_Work instruction_. Copy nothing but the lines from the line with "The only way" to the end of the records, retyped exactly. Pictures stay out.

_Data under study_.
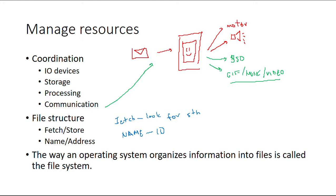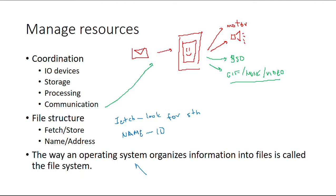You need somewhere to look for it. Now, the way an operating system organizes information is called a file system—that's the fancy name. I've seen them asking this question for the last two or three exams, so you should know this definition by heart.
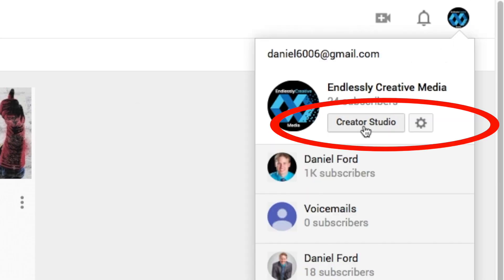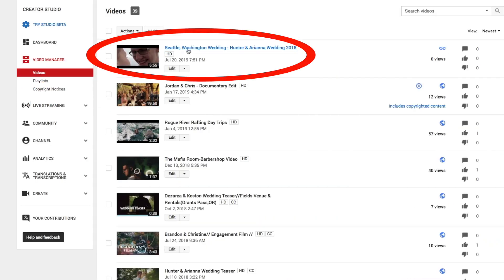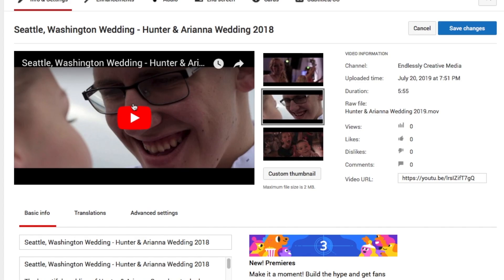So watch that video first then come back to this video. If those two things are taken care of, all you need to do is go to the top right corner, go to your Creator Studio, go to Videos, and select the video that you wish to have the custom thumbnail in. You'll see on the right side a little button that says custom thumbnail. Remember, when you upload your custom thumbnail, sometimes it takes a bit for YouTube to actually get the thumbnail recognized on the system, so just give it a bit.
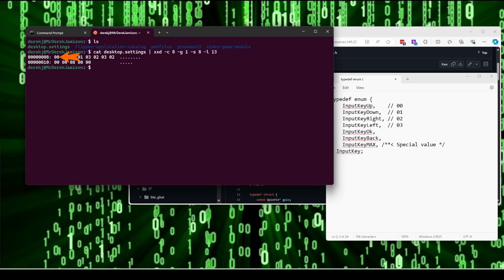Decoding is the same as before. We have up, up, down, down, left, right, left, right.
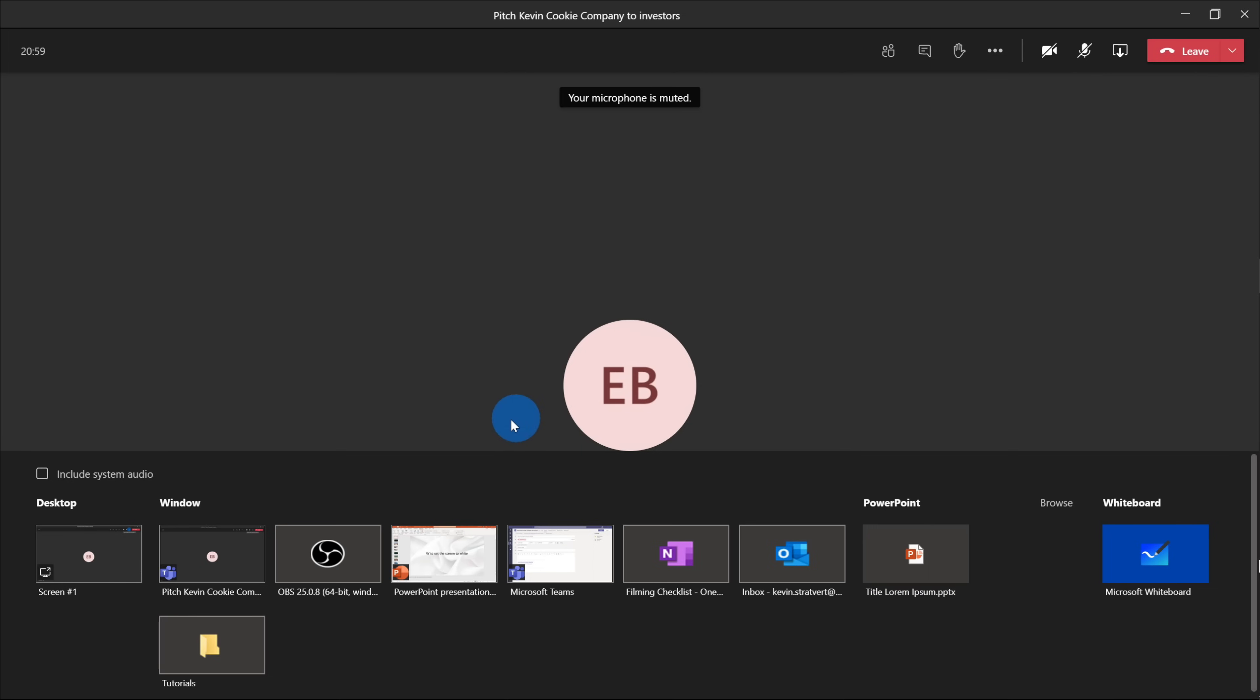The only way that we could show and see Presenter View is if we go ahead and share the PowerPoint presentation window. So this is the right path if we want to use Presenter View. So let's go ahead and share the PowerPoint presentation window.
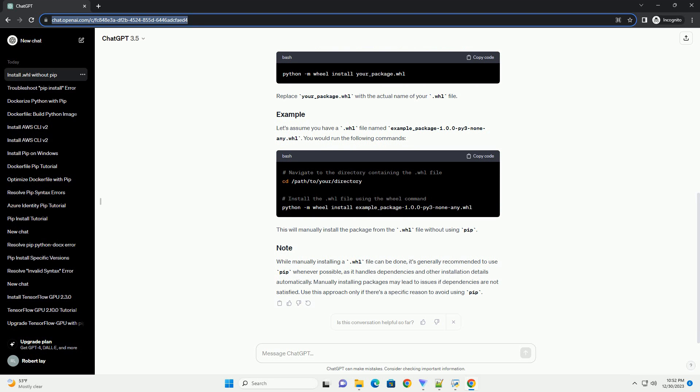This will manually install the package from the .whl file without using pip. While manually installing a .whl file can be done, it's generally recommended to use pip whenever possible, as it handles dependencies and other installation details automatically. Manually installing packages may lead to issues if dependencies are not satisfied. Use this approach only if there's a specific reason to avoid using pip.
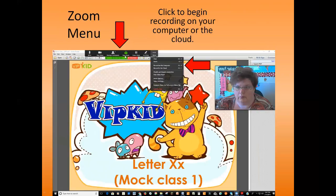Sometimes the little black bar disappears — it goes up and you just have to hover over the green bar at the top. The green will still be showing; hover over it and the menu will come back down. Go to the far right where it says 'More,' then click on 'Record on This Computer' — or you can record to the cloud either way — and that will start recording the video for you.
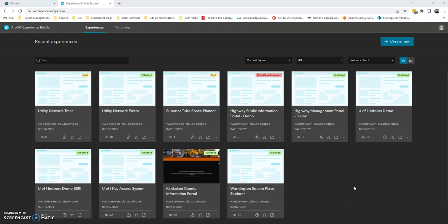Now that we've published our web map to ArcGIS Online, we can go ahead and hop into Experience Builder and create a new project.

_Solution for this exercise_.
The only way that we could show and see Presenter View is if we go ahead and share the PowerPoint presentation window. So this is the right path if we want to use Presenter View. So let's go ahead and share the PowerPoint presentation window.
This will manually install the package from the .whl file without using pip. While manually installing a .whl file can be done, it's generally recommended to use pip whenever possible, as it handles dependencies and other installation details automatically. Manually installing packages may lead to issues if dependencies are not satisfied. Use this approach only if there's a specific reason to avoid using pip.
Sometimes the little black bar disappears — it goes up and you just have to hover over the green bar at the top. The green will still be showing; hover over it and the menu will come back down. Go to the far right where it says 'More,' then click on 'Record on This Computer' — or you can record to the cloud either way — and that will start recording the video for you.
Now that we've published our web map to ArcGIS Online, we can go ahead and hop into Experience Builder and create a new project.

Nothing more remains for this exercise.